1.Tonle Sap Lake
The real heart of Siem Reap’s agriculture is the Tonle Sap Lake – the largest lake in all of Southeast Asia that can encompass nearly 10% of Cambodia’s landmass during rainy season. Needless to say, Tonle Sap is a cultural experience in and of itself, since it is given rise to communities that live with the rhythms of the Tonle Sap. Fed by the mighty Mekong, Tonle Sap’s water level and water flow is dictated by the yearly flood pulses. That means that homes here are stilted to deal with the ever-changing water level, and local families often live meters above the water level in homes precariously balanced upon bamboo or wood stilts.
A full day exploring Tonle Sap Lake by boat is one of the best ways to see Siem Reap’s less ancient elements. If you are really looking to experience the Lake at its most vibrant, you should head to Siem Reap during the city’s yearly Bon Om Touk Festival (usually in November) that takes place just as the lake’s tide shifts and the waters change direction.
2. Kulen Mountain
Kulen Mountain is most often considered the city’s (and the country’s) most holy place. Buddhists and Hindus in the country regularly travel to the summit of the hill on pilgrimage, thanks to its particularly spiritual history. But beyond just religious significance, Phnom Kulen is also a significant place of the Khmer people, since this is where most locals would claim was the birthplace of the mighty Khmer Empire.

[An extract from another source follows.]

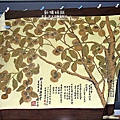 2010-1026~1102-新埔-金漢柿餅 (8).jpg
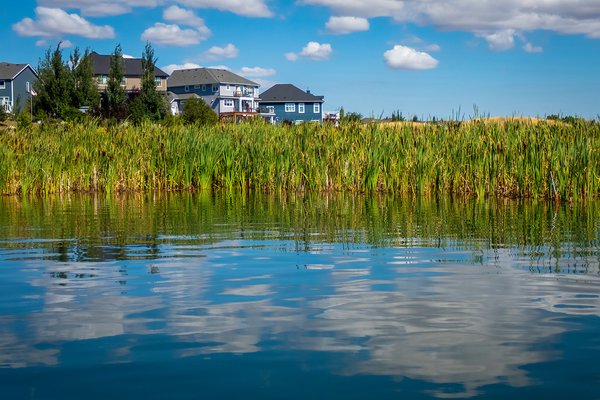 Picturesque, Chestermere Lake, Chestermere, AB, 2024-08-25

The best sights to see at Kulen Mountain are the two magnificent waterfalls near its base. Between bouts of exploring the falls, there are even some temple ruins and spiritual relics here – Preah Ang Thom even houses an enormous Buddha statue.
It would be a bit of a waste to leave Siem Reap without spending some serious energy exploring the city’s incredible collection of souvenirs and handmade handicrafts. While a wander through the night market is a bit of a hit-and-miss experience, the best places to find souvenirs that are both high quality and sustainably produced is by heading to the school that helps keep Khmer art alive – Artisans Angkor. Established in the mid-90s, Artisans Angkor played an integral part in keeping Khmer traditional handicrafts alive following the Khmer Rouge, which nearly wiped out Cambodia’s beautiful cultural arts, like wood carving, lacquer and silk weaving.
At Artisans, you will have the rare opportunity to see how these handicrafts are made from scratch, since a guided walk through the area’s small “workshops” is the first thing you will do after hopping off of your tuk tuk. After getting close enough to see just how delicate and intricate the processes behind some of Cambodia’s most beautiful handicrafts really are, you will find yourself in a showroom to buy your favourite souvenirs to take home. All of the proceeds made from purchases go back toward funding the training and support of local artisans who created them.
4. Chansor Village It is hard to get a real taste of what rural Cambodia is really like in tourist-centric cities like Siem Reap, but authentic countryside is not that far away. Getting there, though, is a bit more difficult – and finding a way to visit these kinds of places safely and respectfully is quite the challenge. Thankfully, there are a few villages not far out of Siem Reap where a day-in-the-life trip could mean the difference between a standard Siem Reap Temples experience and a truly extraordinary cultural experience.
At nearby community villages like Chansor Village, visitors have a chance to see what rural Khmer lifestyles are like while supporting those communities in the process. Don’t show up not expecting to get your hands dirty, though – these villages are all about rolling up your sleeves and taking part in what locals here do on a daily basis to survive. That includes planting, cooking, farming, feeding livestock and cleaning – just to name a few. At the end of all of it, you will be rewarded with a home-cooked meal with a local family that is well worth the elbow grease.